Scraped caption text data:
◆ ◆ ◆ ◆

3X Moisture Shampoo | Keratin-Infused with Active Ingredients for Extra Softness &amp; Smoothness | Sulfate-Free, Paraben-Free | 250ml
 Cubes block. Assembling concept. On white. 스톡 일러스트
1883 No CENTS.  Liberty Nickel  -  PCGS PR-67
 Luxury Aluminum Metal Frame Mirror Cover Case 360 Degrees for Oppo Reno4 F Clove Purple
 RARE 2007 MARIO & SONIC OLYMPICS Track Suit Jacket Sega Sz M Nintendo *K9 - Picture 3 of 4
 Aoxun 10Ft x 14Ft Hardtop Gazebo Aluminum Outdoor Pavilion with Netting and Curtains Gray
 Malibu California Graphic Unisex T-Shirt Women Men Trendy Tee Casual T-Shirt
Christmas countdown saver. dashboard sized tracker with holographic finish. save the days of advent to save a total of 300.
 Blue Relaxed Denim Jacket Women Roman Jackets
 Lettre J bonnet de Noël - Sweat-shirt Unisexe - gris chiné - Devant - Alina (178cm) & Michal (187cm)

◆ ◆ ◆ ◆

◆ EXERCISE GOAL ◆
Would you please filter the lines above and copy every one that includes "Women"?

◆ RESPONSE AREA ◆
 Malibu California Graphic Unisex T-Shirt Women Men Trendy Tee Casual T-Shirt
 Blue Relaxed Denim Jacket Women Roman Jackets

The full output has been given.